Quando tre anni fa Pete Postlethwaite ci lasciò, Steven Spielberg disse che era morto “il miglior attore al mondo”. Tanti restarono perplessi da quella dichiarazione che pareva esagerata. In realtà, il buon Steven voleva semplicemente sottolineare che se n’era andato un attore considerato da tutti un ottimo caratterista, ma che invece era molto di più. Vedere Nel nome del padre (di Jim Sheridan, 1993) per credere, dove duetta senza mai soccombere con un certo Daniel Day-Lewis, uno che ci ha messo pochi anni ad entrare nell’olimpo dei migliori di sempre.

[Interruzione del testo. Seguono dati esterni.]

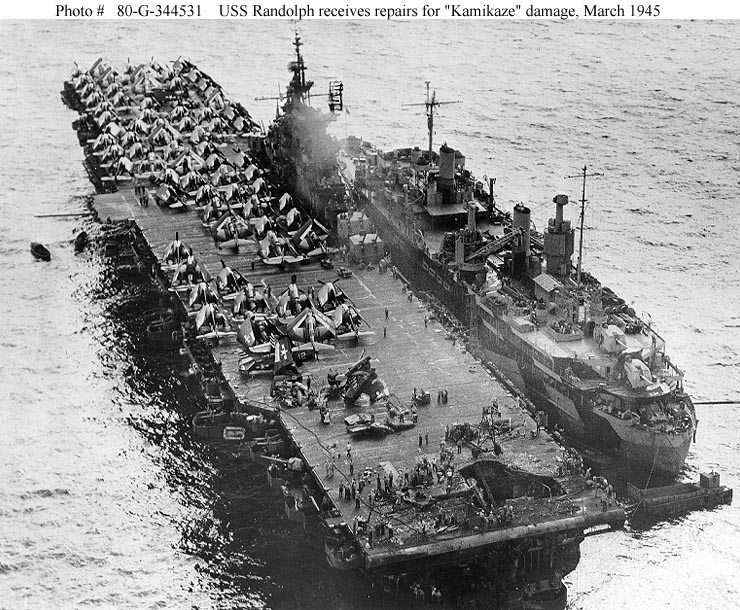 USS Randolph receiving repairs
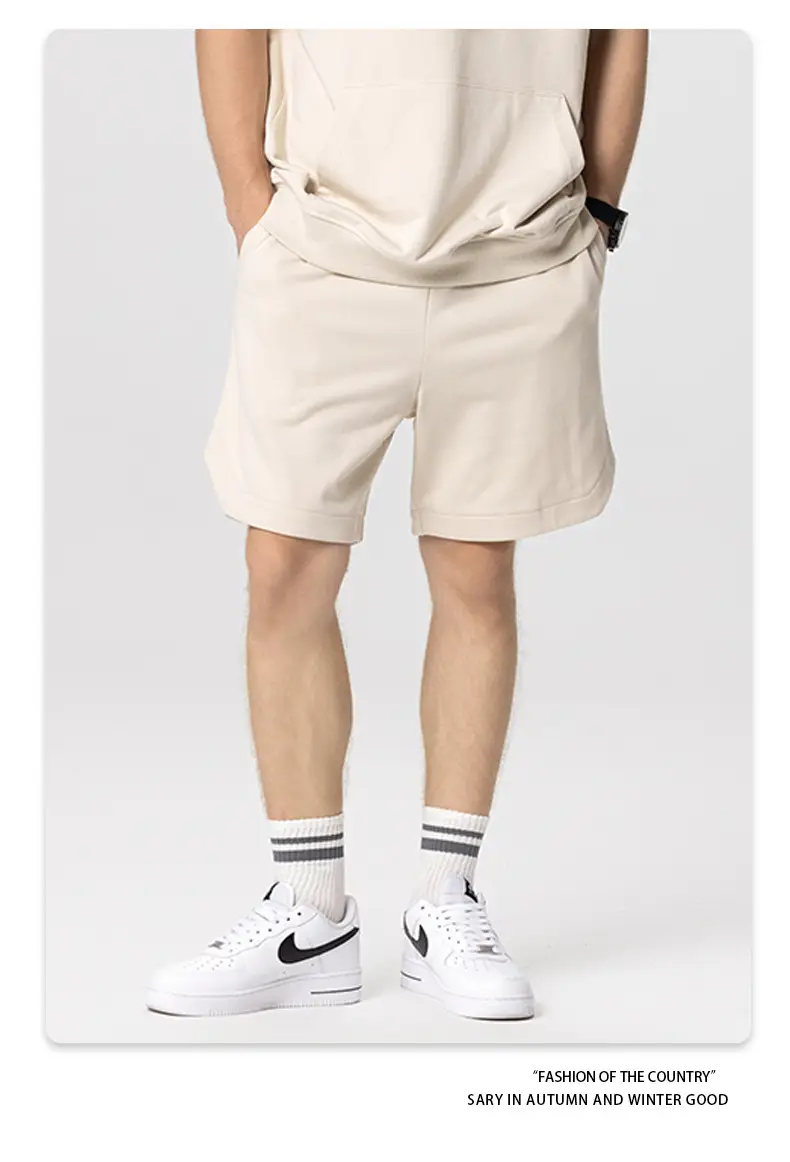 300G Heavyweight Loose Sweatpants Black Beige — feature 20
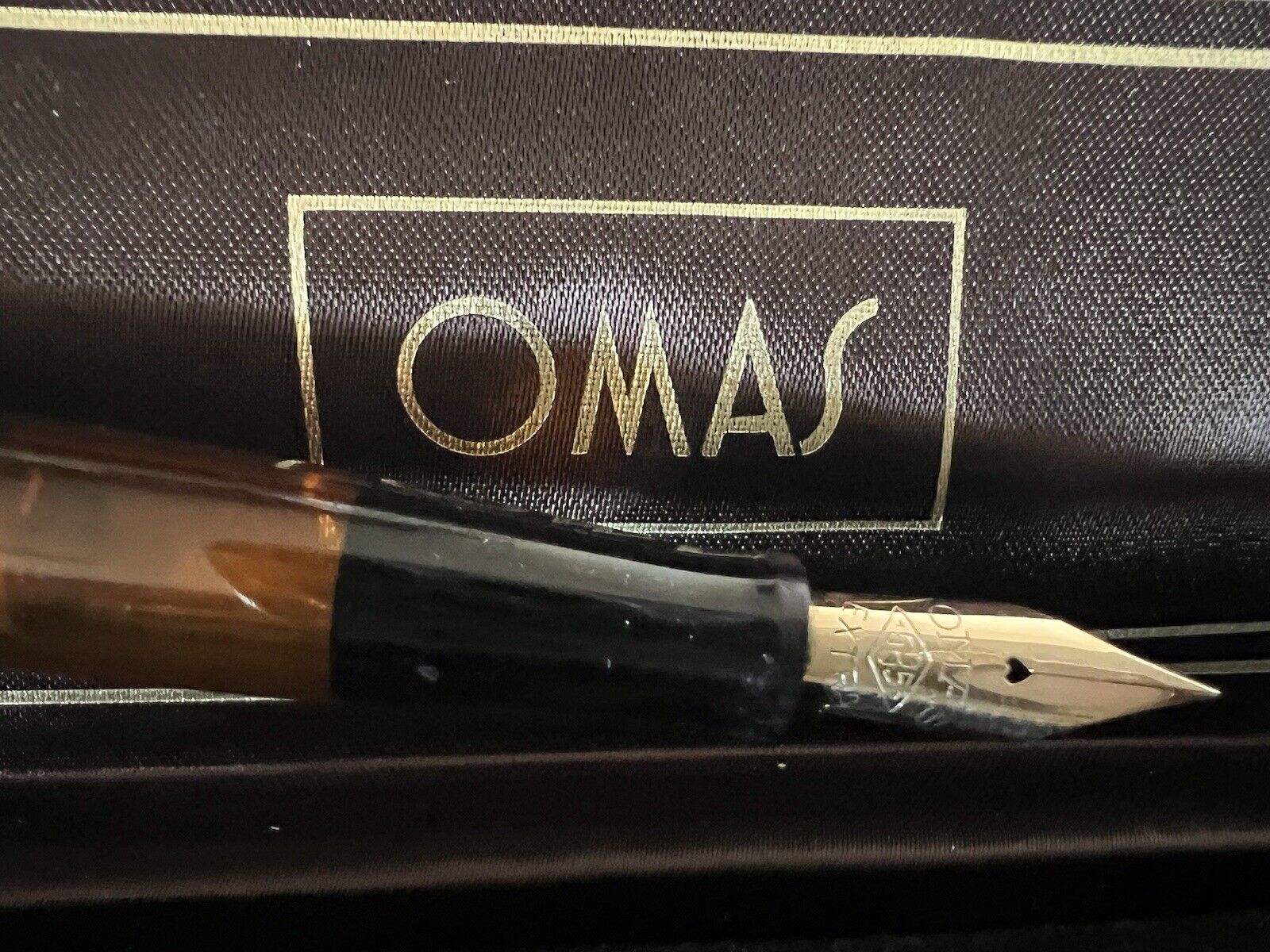 Omas Extra Pen Fountain Pen Penholder Pen Gold 14K Porthole Oranges Vintage 1936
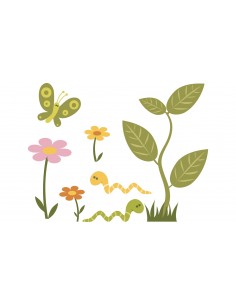 Stickers Jungle & Savane,Sticker muraux: Fleurs et papillons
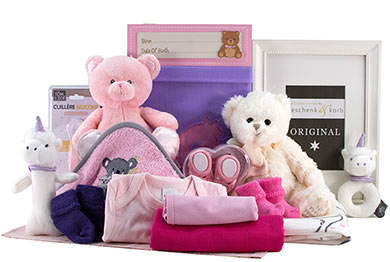 BABY GESCHENKKORB - BABYs TEDDY TRUME  title=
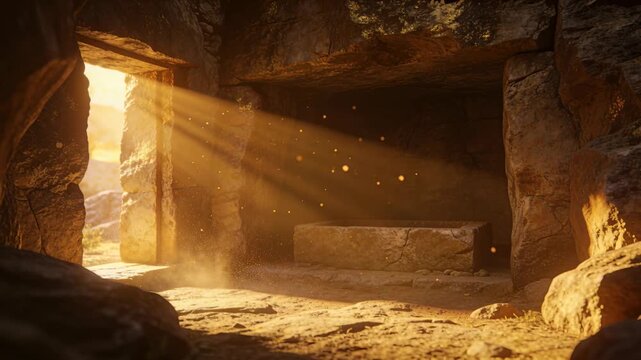 Rock doorway casting warm sun into chamber, dust motes drifting toward stone slab for archaeology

Nel nome del padre ha il merito di far conoscere una pagina importante di Storia (quella di quattro ragazzi creduti terroristi dell’IRA e tenuti ingiustamente in carcere per quindici anni), ma resta fondamentalmente nel cuore perché è una delle opere cinematografiche più riuscite nella descrizione del rapporto padre-figlio.
Da un lato Postlethwaite sempre sornione, sotto le righe, dall’altro Day-Lewis mattatore con la sua recitazione nervosa e vibrante, insegnano che a volte un sentimento d’amore filiale sembra sepolto sotto terra, invece è semplicemente messo da parte in qualche anfratto dell’anima. E nella situazione più angosciosa di vita, improvvisamente, lo si può ritrovare, per poi diventare più forte ed ardente di un tempo.